Directions for the data below: repeat exactly the lines from the one with "A travelling typewriter and bakerlite notepad" through the one with "Conceptual handwritten text", both included, and omit all pictures.

Records:
=-=-=

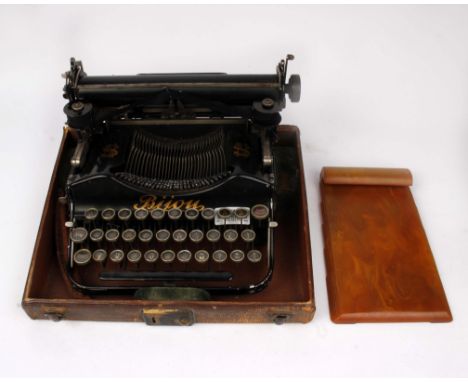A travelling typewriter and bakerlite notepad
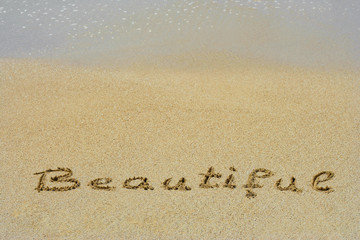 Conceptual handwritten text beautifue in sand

=-=-=

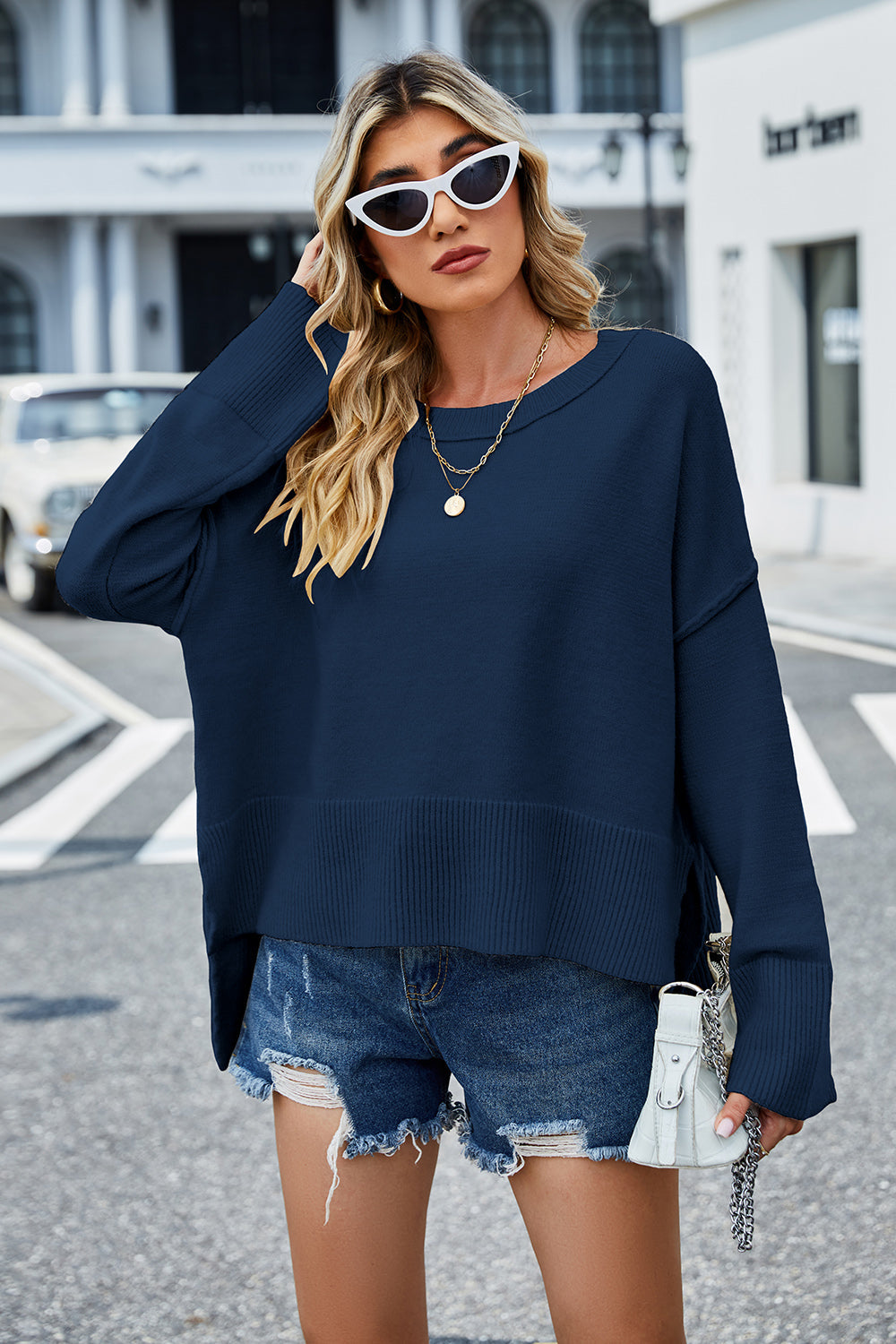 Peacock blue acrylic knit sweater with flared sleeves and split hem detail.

=-=-=

Answer to the problem:
A travelling typewriter and bakerlite notepad
 Conceptual handwritten text beautifue in sand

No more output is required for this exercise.